14 March 2010

Criticism of Iran's regime works

An interview with Mohammad Reza Heydari in Aftenposten 16 February 2010, the day before he was granted political asylum in Norway.

Criticism of Iran's regime works

By JOHN Harbo

- Iranian diplomats abroad are loosing confidence in the regime. 27 envoys in Asia and Europe have resigned from their positions, but the regime has prevented this from coming out.

It’s Mohammed Reza Heydari who says this. He was consul at the Iranian embassy in Oslo until the end of the year when he quit his post in protest against the developments in Iran where the authorities now are cracking down on the popular opposition.

- 27 of my colleagues in Asia and Europe have resigned from their positions, but the regime has prevented them from coming out with this, says Heydari to Aftenposten.
Heydari openly criticized the regime after he broke with the embassy, and this triggered harsh reactions from the Iranian side.

- Before I went out publicly they threatened me. A delegation was sent from Tehran to talk to me. They wanted me to publicly deny everything I had said.

- You did not do it. Was it a difficult decision?

- Yes, they wanted me to tell them that everything I had said was a lie. Originally I wanted to resign and go home silently, but colleagues in Tehran told me to stay in Norway and speak out. But it was difficult. My family, especially my wife's brothers are under enormous pressure.

- Does your decision and the fact that colleagues in other countries also want to break with the regime, mean that it is now losing support?

- Yes, also in Tehran colleagues, regular employees in the Foreign Service, have taken part in demonstrations on the people's side. 32 were arrested, and 12 are still in prison.

- How should the West react to Iran?

- It is important for the Iranian people that you condemn the actions. These condemnations must continue. Now the U.S. and EU for the first time condemn Iran for human rights violations rather than criticize the nuclear program.

- Are political protests enough. Would not economic sanctions be more effective?

- The most important thing is to stop the regime’s terror and violence. Economic sanctions must not harm the people, but those in power and the regime. My suggestion is that Western countries do not give representatives of the regime entry permits and do not have talks with them. Bank accounts in Western banks may be blocked. And it is very important that the EU and other countries do not allow children of those in power to come to the West to study when Iranian students are being thrown out of universities, abused and killed in the street.

- You talk about those in power. The religious leadership and the Revolutionary Guards are the two power factors today. And the Guards control important parts of the Iranian economy. Is it possible to target the them directly?

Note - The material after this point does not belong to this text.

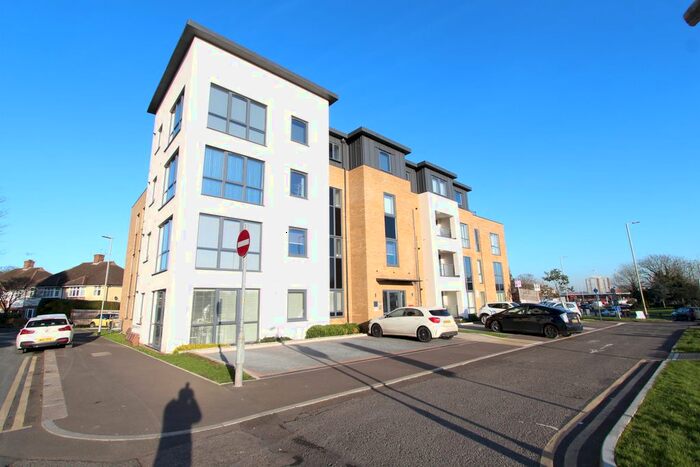 2 Bedroom Flat To Rent In St. Albans Road, Watford, WD25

- Several companies that are controlled by the Revolutionary Guards are operating in the United States and Europe. They do not do this openly, but it is up to western intelligence to figure out who they are, and shut them down, block bank accounts and not give entry permits to the Revolutionary Guards people. They buy equipment that are meant for civil purposes, but use it for military purposes.

Heydari broke with Iran in protest against the oppression, and he regards Mir Hossein Mousavi who lined up in the presidential election last summer as an important person in the current situation.

- But what does the opposition want. How many want change within the framework of the regime, and how many want to remove it?

- The opposition who are gathered under the green movement, include all strata of people, and democracy is the goal: release of political prisoners, free speech, free political parties, prevention of human rights violations, securing women's rights, free press and free elections under international control.

- Free elections must mean that there will be a regime change?

- It does. The Iranian people no longer want a religious regime.

- Will the Revolutionary Guards remain loyal in a settlement between the regime and the opposition?

- It has a small but powerful leadership, and many soldiers and members among ordinary people. Those who are further down in the system, will not be loyal when it comes to a settlement, says Mohammed Reza Heydari.

Facts abount Mohammed Reza Heydari:
  • Iranian diplomat. Broke with the regime at the end of the year.
  • Born in Tehran in 1966.
  • Educated at the Iranian Foreign Ministry's university.
  • Has served at various stations abroad for 20 years.
  • Is exited about the clear support for the Iranian opposition, and has applied for a residence permit in Norway.